## [WORK TASK]
What must be handed in is the entire listing, exactly as written, with no pictures.

## [LISTED ENTRIES]
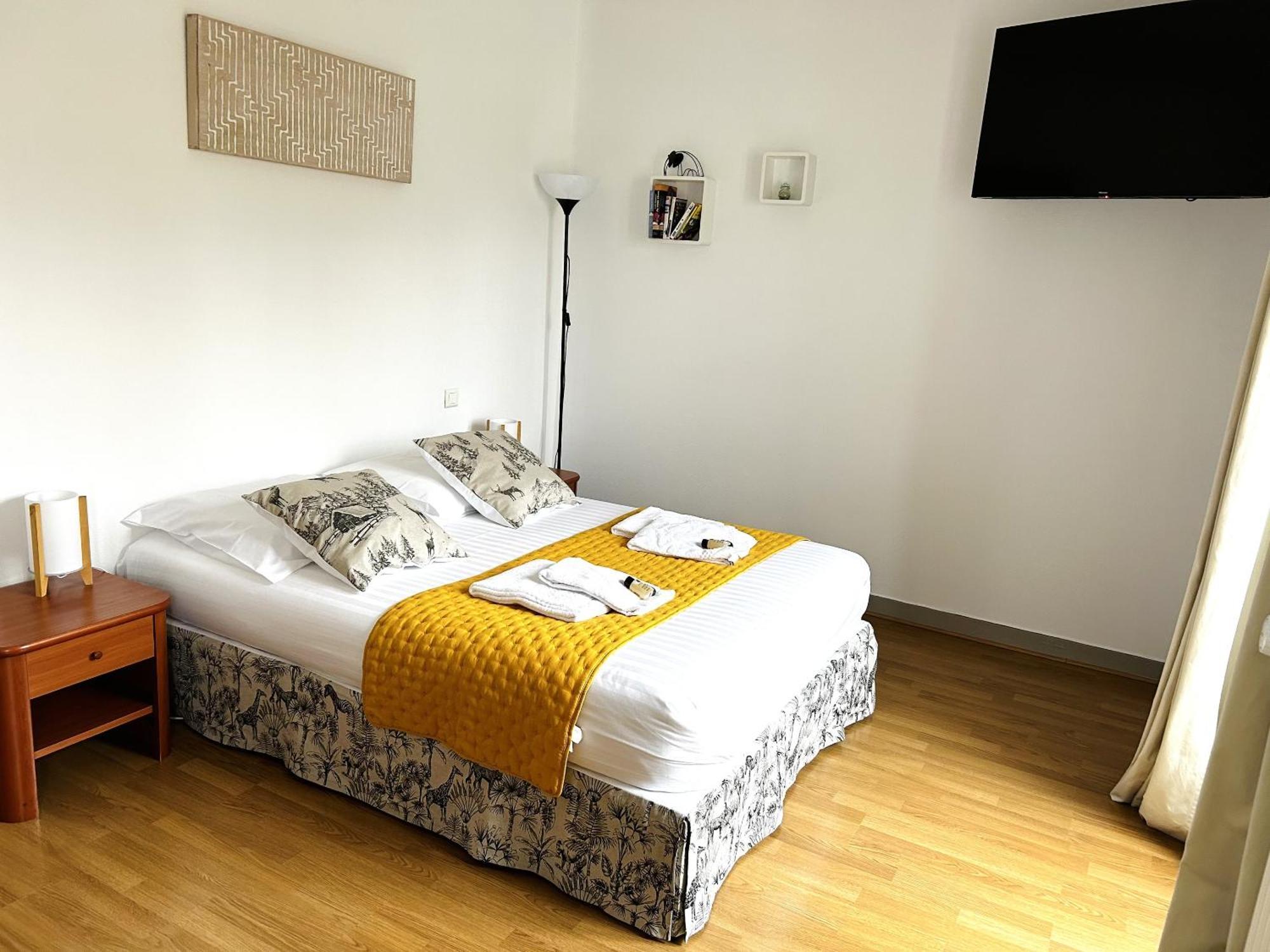 Hotel La Cuisine Des Lulus Montainville  Rom bilde
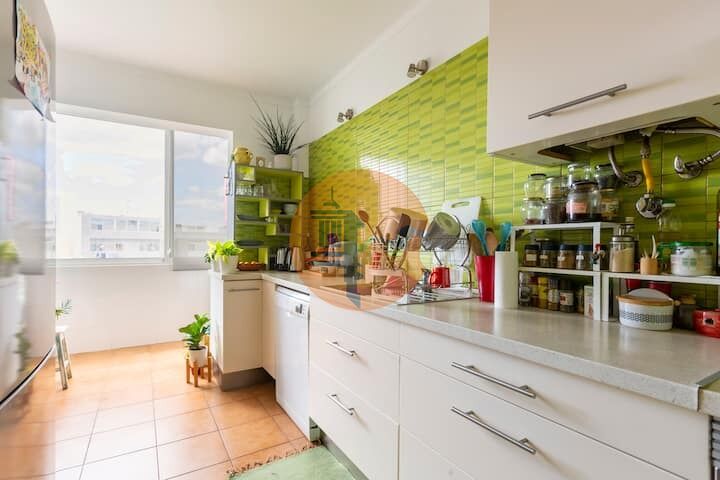 3 Bed, 1 Bath, ApartmentFor Sale, Faro, Faro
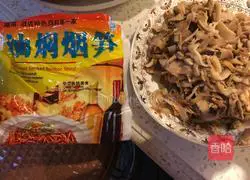 Oil-braised smoked bamboo shoots shredded smoked bamboo shoots Illustration of how to make fried meat with dried bamboo shoots 1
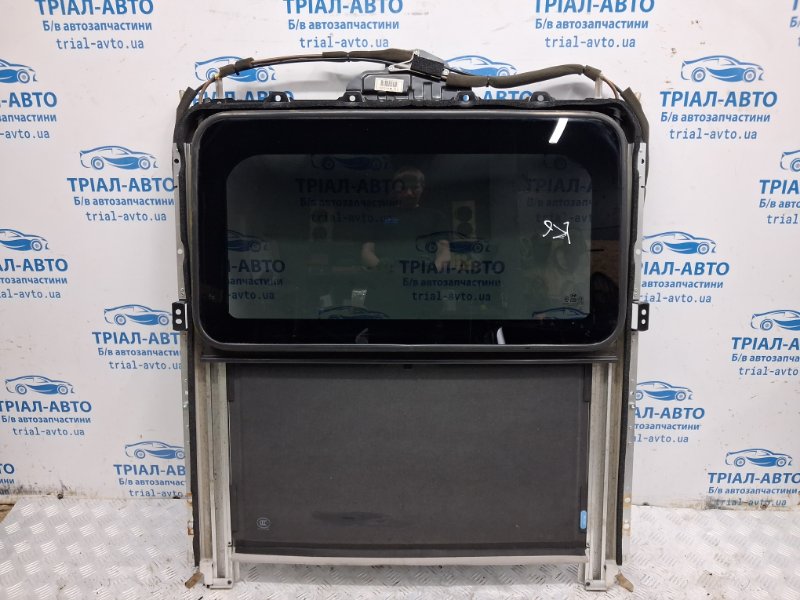 Запчасть люк в сборе Hyundai Tucson 2004-2009 JM 2.0 diesel D4EA 816102E000 Б/У Люк в сборе Hyundai Tucson 2004-2009 JM 2.0 diesel D4EA 816102E000 Б/У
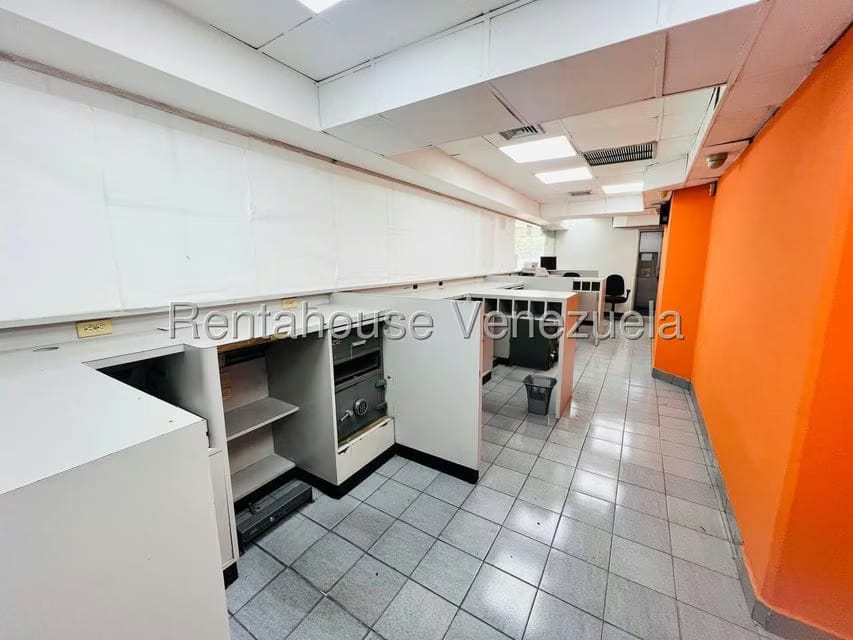 Comercial (Local Comercial) en Venta en Urbanizacion El Centro, Aragua - 24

## [TASK OUTPUT]
 Hotel La Cuisine Des Lulus Montainville  Rom bilde
 3 Bed, 1 Bath, ApartmentFor Sale, Faro, Faro
 Oil-braised smoked bamboo shoots shredded smoked bamboo shoots Illustration of how to make fried meat with dried bamboo shoots 1
 Запчасть люк в сборе Hyundai Tucson 2004-2009 JM 2.0 diesel D4EA 816102E000 Б/У Люк в сборе Hyundai Tucson 2004-2009 JM 2.0 diesel D4EA 816102E000 Б/У
 Comercial (Local Comercial) en Venta en Urbanizacion El Centro, Aragua - 24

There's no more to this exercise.